§ **What is expected**:
Nothing more is wanted than an exact repeat of the data below.

§ **Data extract**:
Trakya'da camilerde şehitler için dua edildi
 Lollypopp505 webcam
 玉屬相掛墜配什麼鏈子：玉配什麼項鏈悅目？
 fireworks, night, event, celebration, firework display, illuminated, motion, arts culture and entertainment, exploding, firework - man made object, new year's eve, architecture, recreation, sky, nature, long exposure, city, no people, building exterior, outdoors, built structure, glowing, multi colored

§ **Response to this task**:
Trakya'da camilerde şehitler için dua edildi
 Lollypopp505 webcam
 玉屬相掛墜配什麼鏈子：玉配什麼項鏈悅目？
 fireworks, night, event, celebration, firework display, illuminated, motion, arts culture and entertainment, exploding, firework - man made object, new year's eve, architecture, recreation, sky, nature, long exposure, city, no people, building exterior, outdoors, built structure, glowing, multi colored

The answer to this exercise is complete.